Early in the preseason I saw both Edelman and LaFell as value picks. Their ADPs were being impacted by Tom Brady’s 4-game suspension. Unfortunately, both Edelman and LaFell have missed most of the preseason with injuries, and simply can’t be trusted as your WR2 or WR3, respectively.
I’ll tip my cap to fellow Footballguy Matt Waldman for this one. I was HIGHLY suspect of Johnson as a fantasy commodity entering the preseason given his journeyman status and the fact that his heroics last year were limited to a handful of games. Yet, Waldman insisted that Wallace and Johnson should be viewed interchangeably for fantasy purposes. Johnson has had a strong preseason and clearly has rapport with Teddy Bridgewater. As a result, I now have Wallace and Johnson separated by a whopping 10 fantasy points.
…DeSean Jackson (WAS) should be avoided
I won a number of leagues by betting on Jackson’s successful transition to Washington. Yet, this year my enthusiasm has plummeted given the mess in D.C. We’re a week away from the start of the season and the team appears unsettled at quarterback. Griffin has a concussion (or does he?) and no confidence. Kirk Cousins may be sturdier, but he’s not a world beater and isn’t going to throw deep consistently. Add to that a mess of an offensive line and a coaching staff on the hot seat, and I’m avoiding Jackson unless he falls to me as a mid-round WR3.
…Steve Smith Sr. (BAL) has one more fantasy relevant season in the tank
Baltimore is a barren wasteland outside of Smith and Justin Forsett. Unless Breshad Perriman makes a miraculous return after a missed preseason, Smith will – by default – see a ton of targets regardless of game script.
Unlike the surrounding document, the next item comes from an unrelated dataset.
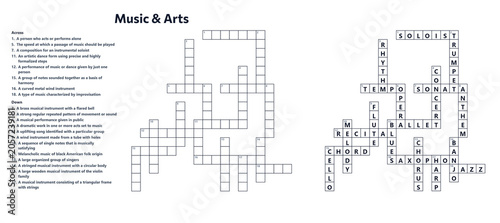 Εκτύπωση καμβά Crossword themed Music Arts with clues and solution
…Eddie Royal (CHI) has value, particularly in PPR leagues
Eddie Royal is reunited with Jay Cutler in Chicago, and has enjoyed a strong camp. With Kevin White likely being lost for the season, Royal could vault into a starting role. At worst, he’s going to be on the field a lot in 3-WR sets. He clearly has chemistry with Cutler, and now has the snaps to matter for fantasy owners.
Bryant is the most overdrafted receiver in fantasy football. And I believed that before he got a 4-game suspension for substance abuse. Wheaton has been the starter throughout the preseason, and Ben Roethlisberger has sung his praises all summer. Wheaton is going to be featured in the first month, and if he delivers – he’ll keep his starting job and deliver exceptional fantasy value given his ultra-low ADP.
As I projected the Saints, it became apparent that there were several hundred targets up for grabs given the roster turnover. My initial modeling slotted veteran Nick Toon into that role. The preseason has changed my mind, as Brandon Coleman has been running with the starters and Toon has been a forgotten man.
…Phillip Dorsett (IND) is a perfect end game selection
The Colts had the luxury of drafting Dorsett in the 1st round of the draft because they didn’t have any glaring needs. I initially viewed Dorsett as a fantasy non-factor given the Colts’ depth. Two things have changed: 1) I looked at Dorsett’s film and he’s an immensely more talented player than Donte Moncrief, and 2) The Colts have committed to using 3-WR sets more frequently. Dorsett is one injury away from being an impact player on the league’s best passing attack.